(SOURCE INFORMATION Opens)

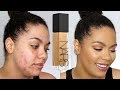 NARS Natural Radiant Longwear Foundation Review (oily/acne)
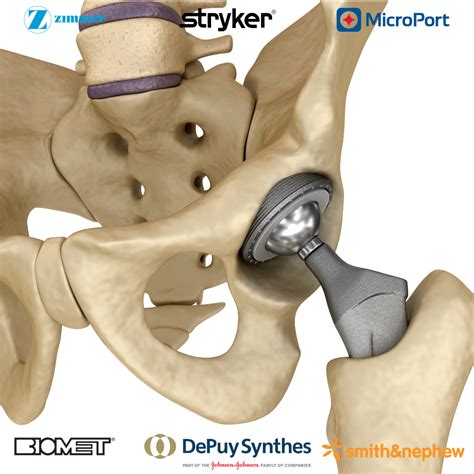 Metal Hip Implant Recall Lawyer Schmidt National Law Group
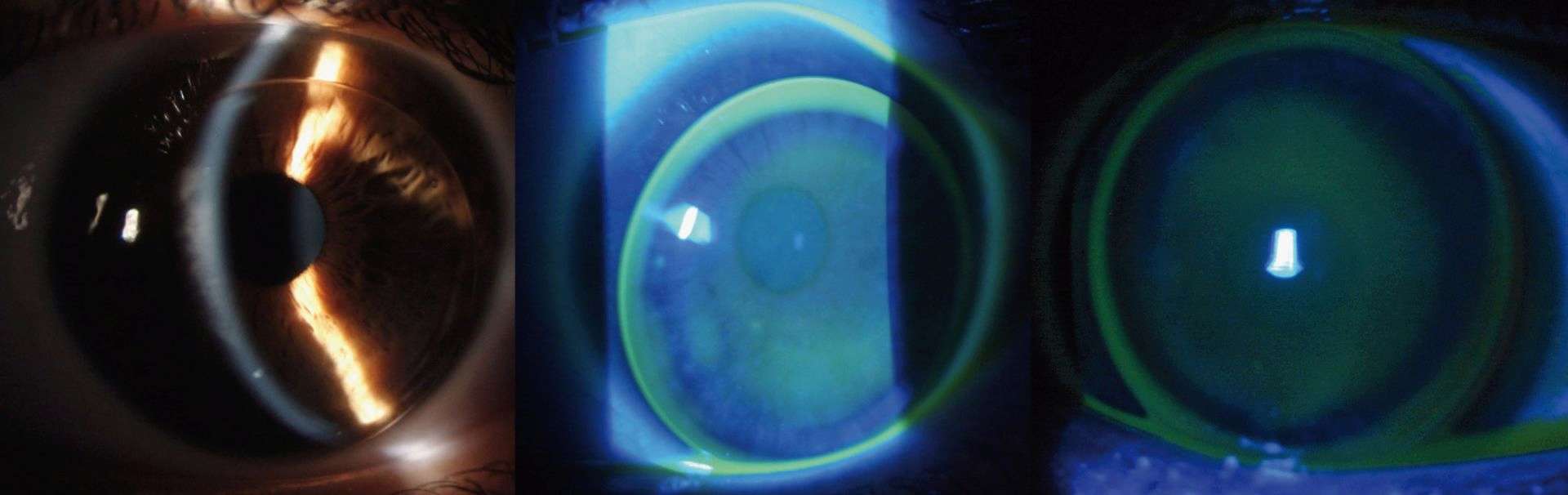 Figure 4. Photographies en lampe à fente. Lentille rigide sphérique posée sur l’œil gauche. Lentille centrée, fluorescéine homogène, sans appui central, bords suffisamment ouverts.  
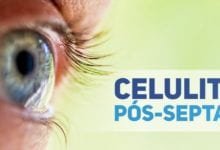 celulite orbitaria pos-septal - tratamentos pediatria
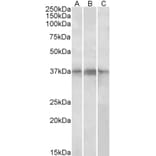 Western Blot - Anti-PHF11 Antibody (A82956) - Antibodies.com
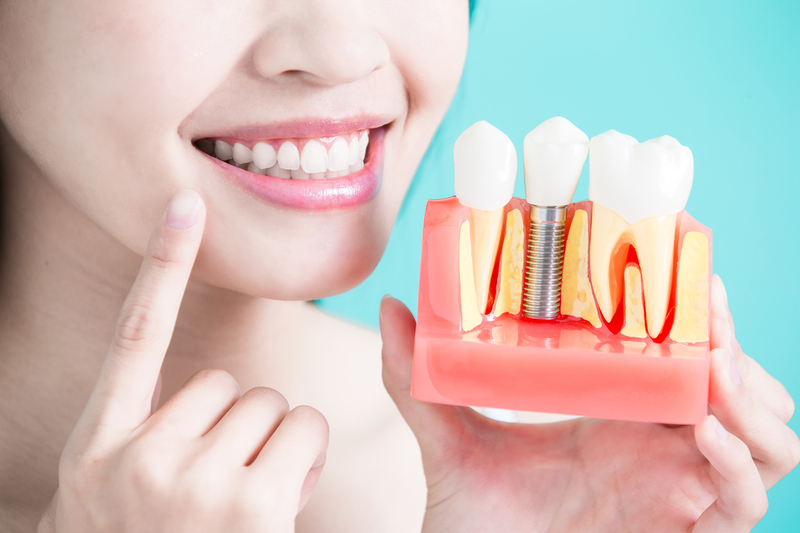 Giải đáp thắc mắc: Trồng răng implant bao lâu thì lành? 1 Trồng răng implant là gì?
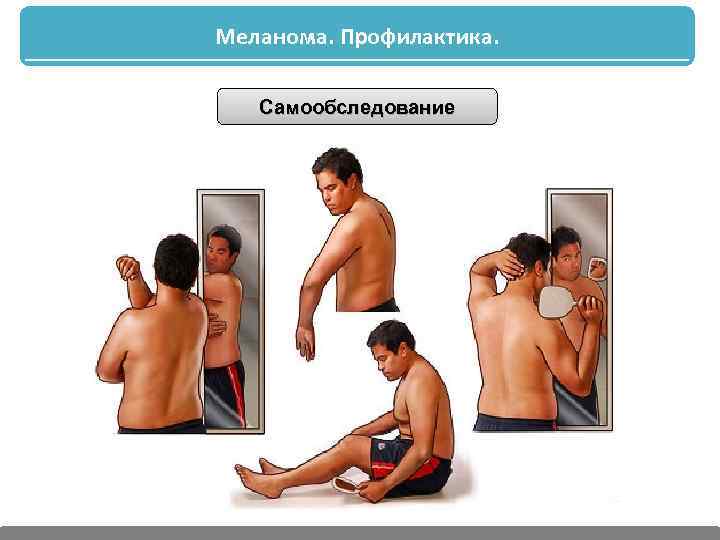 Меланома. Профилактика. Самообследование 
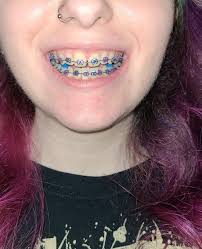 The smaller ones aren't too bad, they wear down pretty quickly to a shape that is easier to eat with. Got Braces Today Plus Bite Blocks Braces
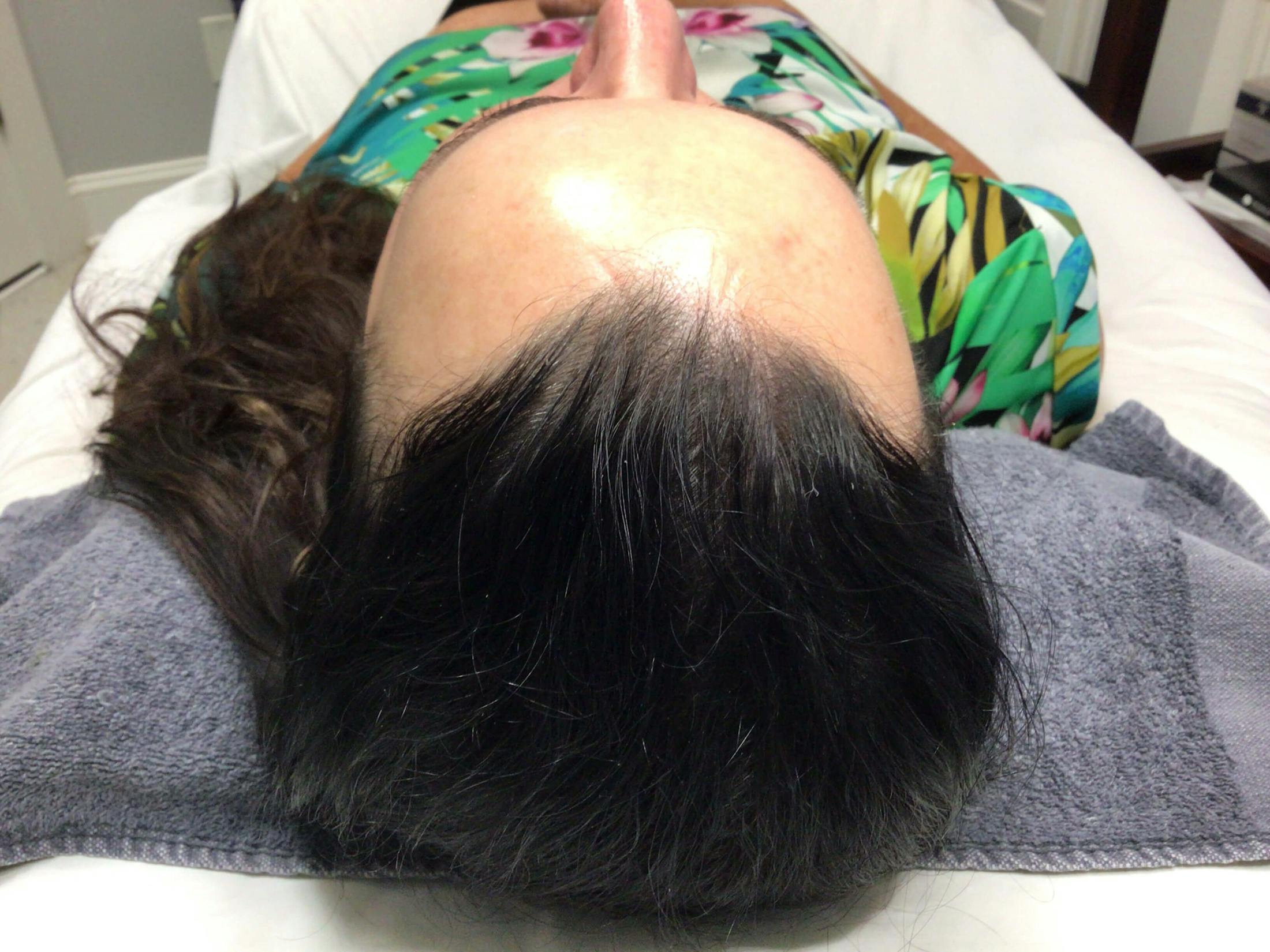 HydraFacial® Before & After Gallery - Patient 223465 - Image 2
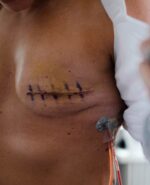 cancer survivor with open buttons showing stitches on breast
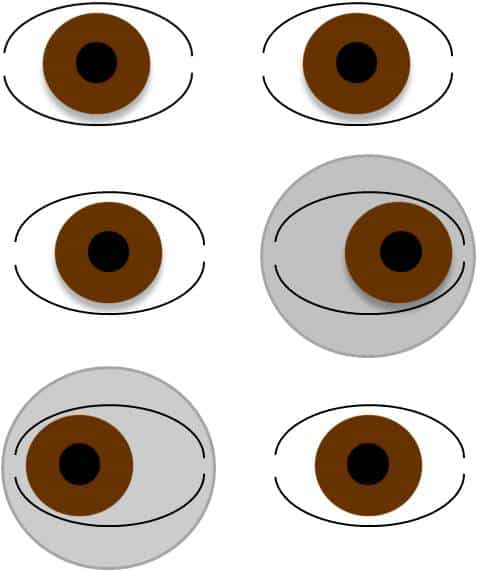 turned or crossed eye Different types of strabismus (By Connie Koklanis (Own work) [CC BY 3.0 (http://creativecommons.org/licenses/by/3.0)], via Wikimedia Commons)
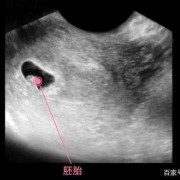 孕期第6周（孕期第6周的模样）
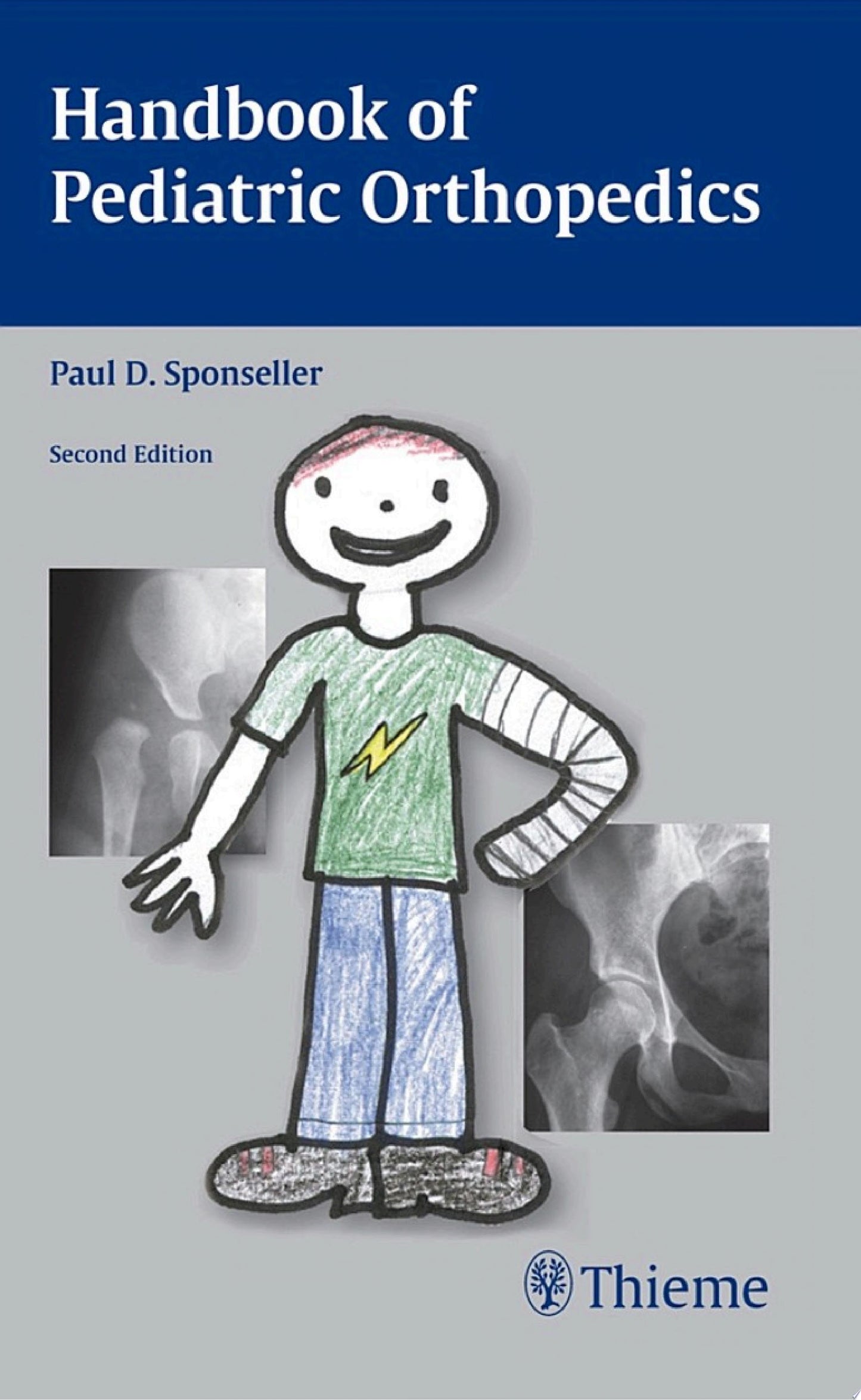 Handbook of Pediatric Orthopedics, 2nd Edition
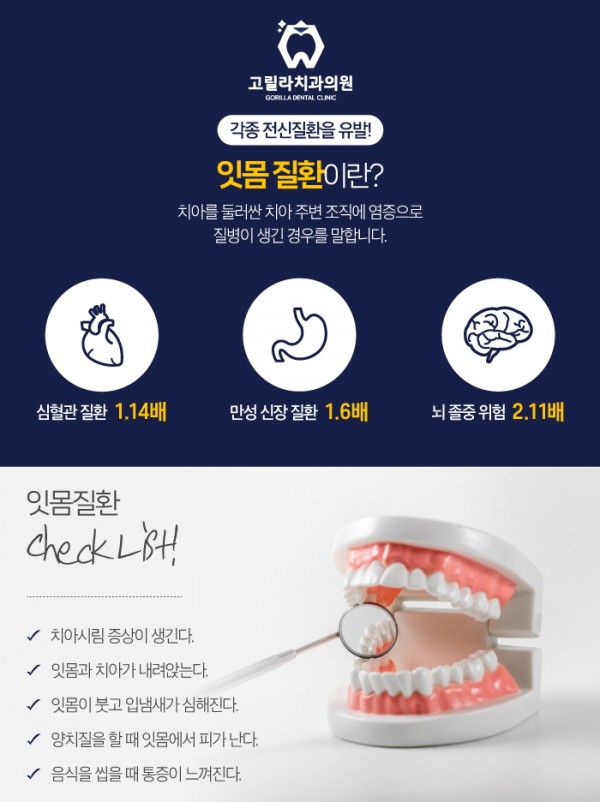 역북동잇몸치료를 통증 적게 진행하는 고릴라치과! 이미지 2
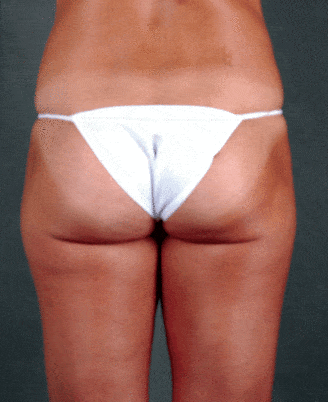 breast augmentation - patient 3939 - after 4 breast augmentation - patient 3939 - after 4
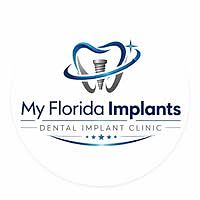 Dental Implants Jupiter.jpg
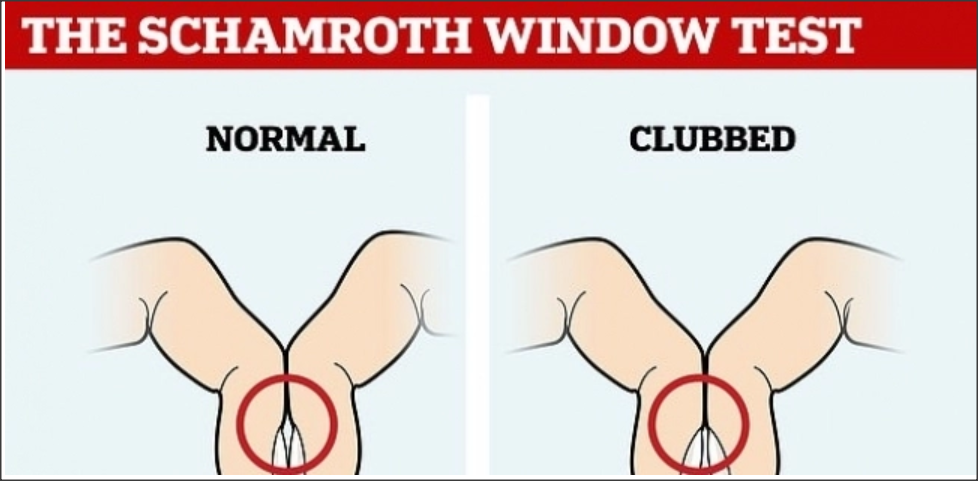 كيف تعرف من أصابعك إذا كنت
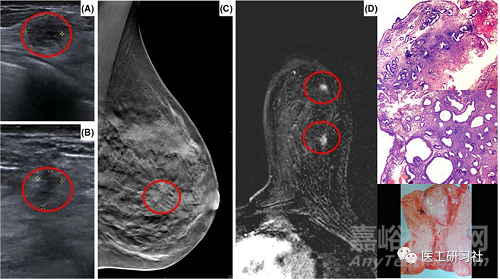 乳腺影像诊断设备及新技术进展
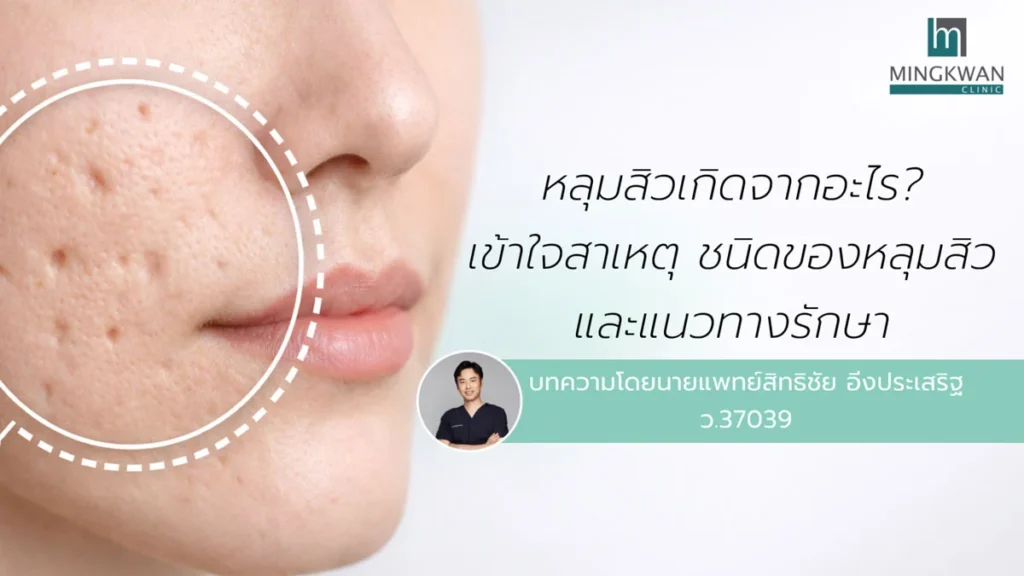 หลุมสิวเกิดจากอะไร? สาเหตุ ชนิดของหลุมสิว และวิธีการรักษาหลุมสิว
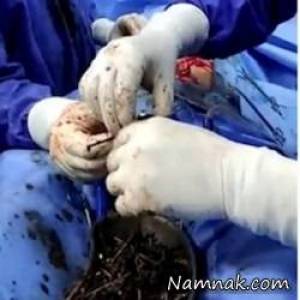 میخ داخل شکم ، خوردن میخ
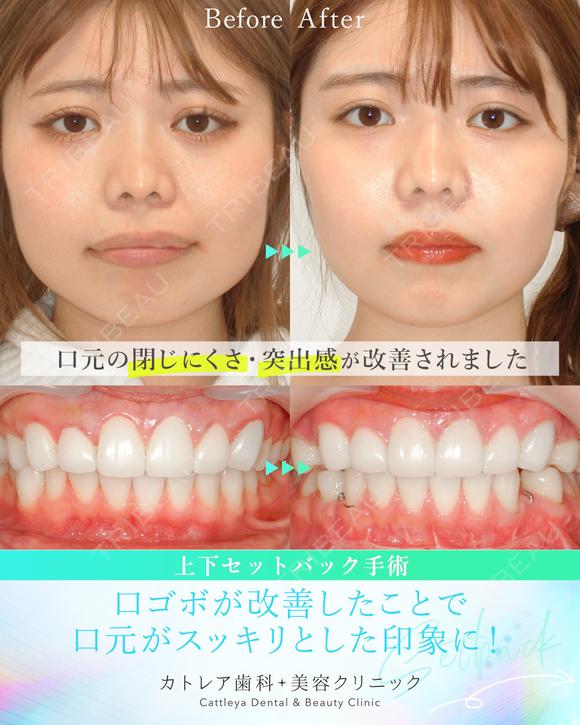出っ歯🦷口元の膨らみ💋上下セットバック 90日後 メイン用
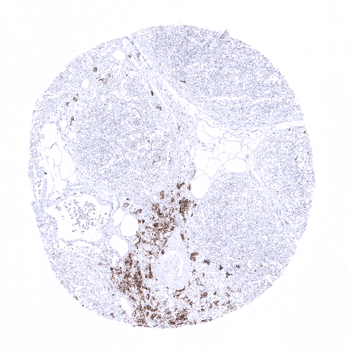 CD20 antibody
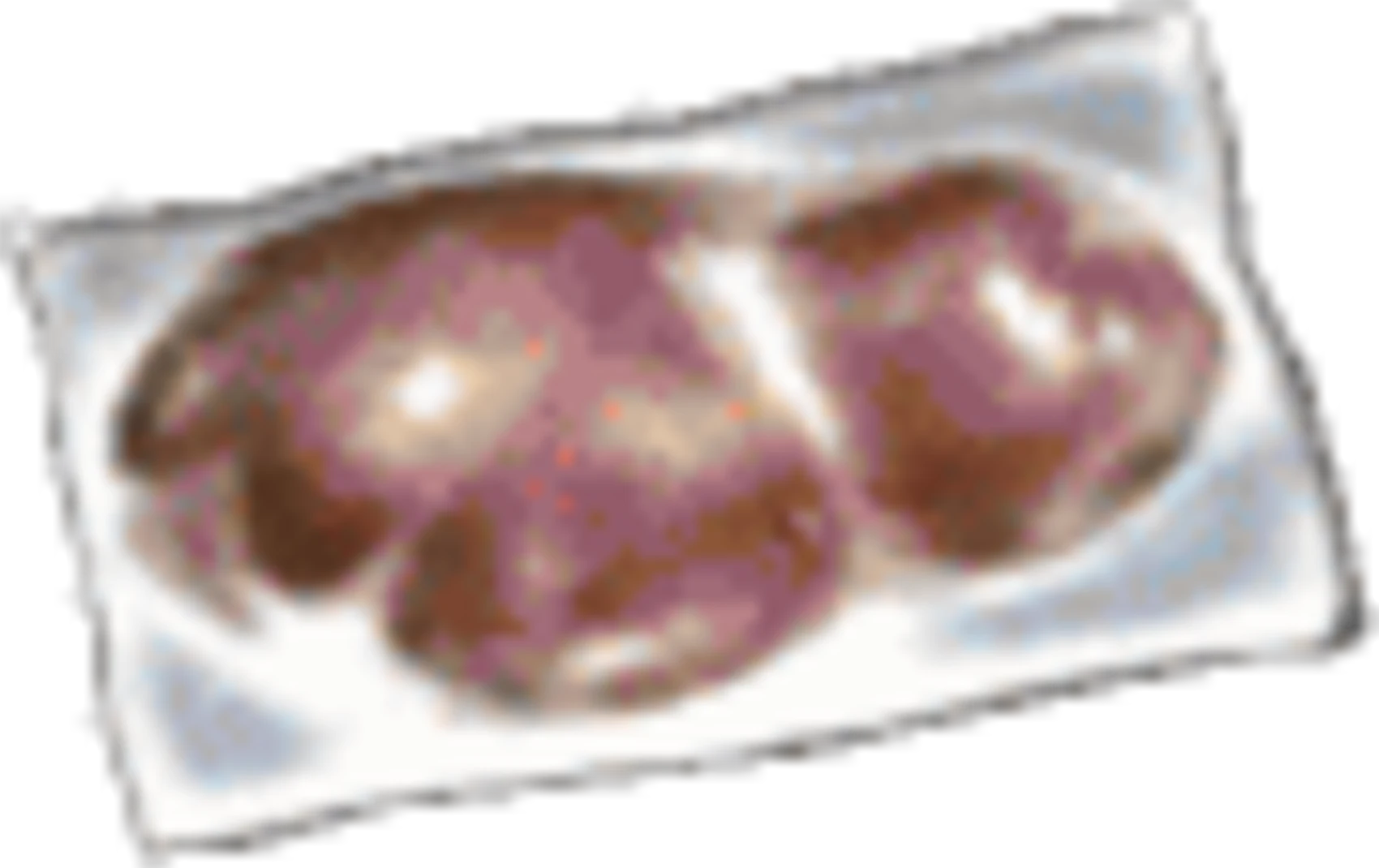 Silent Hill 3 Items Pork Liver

(SOURCE INFORMATION Closes)

Excluding images, output exactly the lines from the one that holds "出っ歯🦷口元の膨らみ💋上下セットバック 90日後 メイン用" through the final line of the material, both ends included.

- TASK RESPONSE:
出っ歯🦷口元の膨らみ💋上下セットバック 90日後 メイン用
 CD20 antibody
 Silent Hill 3 Items Pork Liver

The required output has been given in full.